If “Juno” is about growing up too fast, and “Young Adult” is about growing up too slow, “Tully” is about raising children while letting go of your own childhood, Reitman said.
“All three touch on this idea of not knowing where you’re supposed to be within the arc of your own life, and always feeling like you’re actually not the right time,” he said.
“When you become a parent … you start to think of your younger self as not a different time, but a different person.”
“Tully” shares the cinematic sensibility honed by Reitman and Cody in their previous collaborations, combining deadpan dialogue with heartfelt performances to tell stories of strong-willed women caught between journeys of personal growth and the introduction of a new life.
“We’re meant to say that being a parent is always a blessing … and it is, but it’s also really tough,” said Reitman.
“It really is a moment in which you have to reflect on your own life and say goodbye to a portion of your life. You kind of have to say goodbye to your childhood.”
Opening roughly a week ahead of Mother’s Day, “Tully” has been lauded by critics as an unflinching ode to motherhood, and all the screaming, spilling and sleep deprivation that entails.
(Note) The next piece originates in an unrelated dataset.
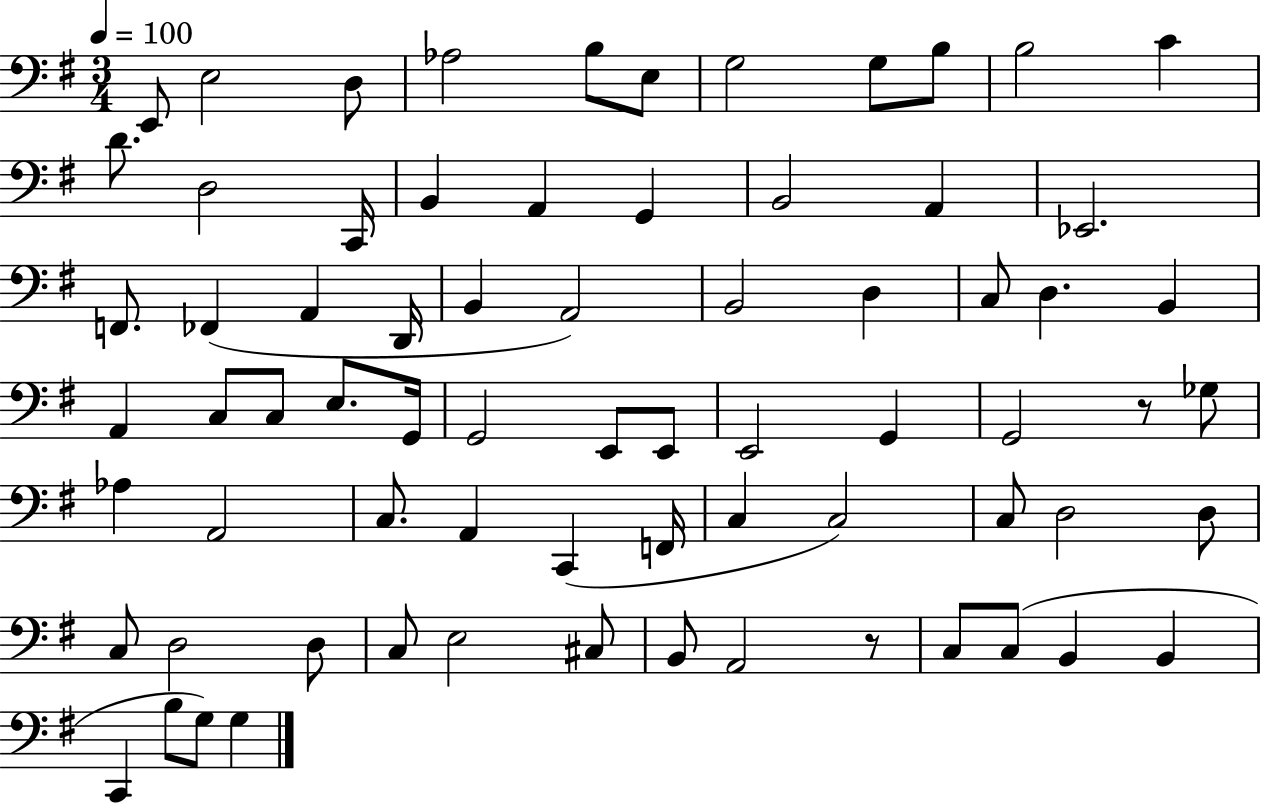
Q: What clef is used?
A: bass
But Reitman said the film isn’t really about motherhood. Rather, he said, it uses motherhood as a “location.”
“I think real humour and real humanity comes from authenticity,” said Reitman. “As a location, we want (the depiction of motherhood) to be accurate in the same way that I think James Cameron would want the Titanic to look accurate.”
To capture the first few gruelling months after giving birth, Reitman said he asked a group of young mothers to fill out a questionnaire about their own experiences looking after newborns, some of which were mined for the movie, such as when Marlo tries to rock her little one to sleep by placing the carrier on top of a tumbling clothes drier, or distractedly drops her phone on the baby during a diaper change.
At the film’s emotional core, Reitman said, is the “magical relationship” between Marlo and Tully.
In their late-night chats during breastfeeding sessions, Marlo finds in Tully the youthful curiosity that was drained from her after her attentions shifted to child-rearing, he said, and unburdens herself of the self-judgment that plagues many modern mothers.
“There’s a thrill to becoming a parent, but there’s also periods of feeling alone. And those periods of feeling alone are something that we don’t often talk about, which only makes them feel more lonely,” Reitman said.
“I hope when you watch this movie, it makes you feel less alone.”